Zedenzaken kenmerken zich in het algemeen door het feit dat zij zich voordoen in een situatie waarbij slechts twee personen aanwezig zijn: een verondersteld slachtoffer en een veronderstelde dader. Als de veronderstelde dader ontkent moet de rechter beoordelen of aan het bewijsminimum is voldaan. De bewijsminimumregel van artikel 342, tweede lid, van het Wetboek van Strafvordering (hierna: Sv) houdt in dat een feit niet kan worden bewezen op basis van de verklaring van één getuige; daarvoor is meer bewijs vereist. Dit geldt voor de hele tenlastelegging, maar niet elk onderdeel van de tenlastelegging hoeft door twee bewijsmiddelen bevestigd te worden. Bij zedenzaken geldt daarbij in het bijzonder dat het niet nodig is dat het ten laste gelegde misdrijf zelf wordt bevestigd in ander bewijs.
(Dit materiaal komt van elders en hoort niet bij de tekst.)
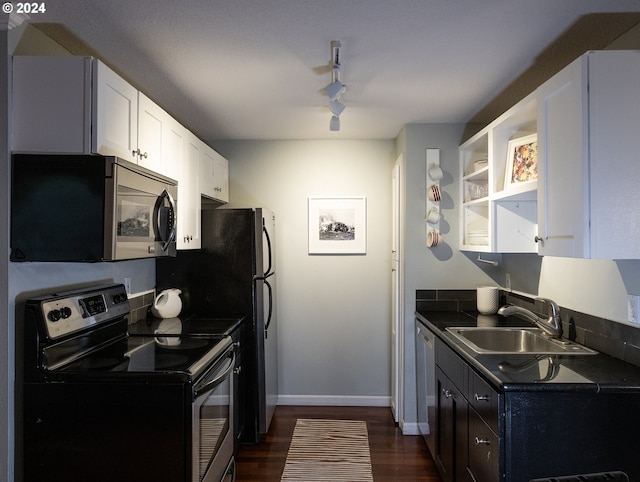 kitchen with sink, rail lighting, stainless steel appliances, dark hardwood / wood-style flooring, and white cabinets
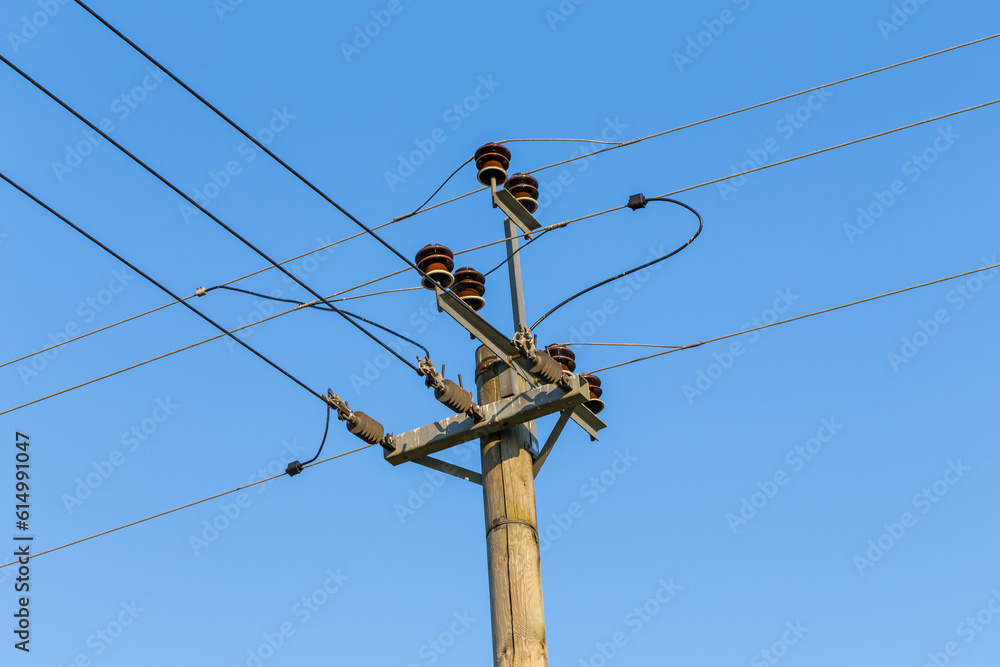 Old wooden power transmission pole with wires Old wooden power transmission pole with wires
Het is voldoende als de verklaring van aangever/aangeefster op onderdelen wordt ondersteund door ander objectief bewijs, afkomstig uit een andere bron. De vraag of aan dit bewijsminimum is voldaan, laat zich niet in algemene zin beantwoorden, maar vereist een beoordeling van de concrete omstandigheden.
Toepassing op onderhavige zaak
[aangeefster] heeft verklaard dat klanten soms via een Tikkie betaalden en dat zij degene was die de Tikkie meestal zelf aanmaakte. Als omschrijving bij de Tikkie zette zij zomaar iets neer, bijvoorbeeld ‘Boodschappen’, ‘afspraak’ of ‘eten’. Ze gebruikte Tikkie nooit privé, dus als zij Tikkie gebruikte, dan was dit altijd voor een klant in verband met een seksafspraak.
Verdachte heeft op 29 juli 2022, 30 juli 2022 en 27 augustus 2022 in totaal drie Tikkies betaald vanaf zijn bankrekening naar de bankrekening van [aangeefster] . Bij alle drie de Tikkies is als omschrijving ‘Boodschappen’ vermeld. De eerste twee Tikkies waren ieder € 300,- en de derde Tikkie was € 200,-. Het gaat dus in totaal om een bedrag van € 800,-.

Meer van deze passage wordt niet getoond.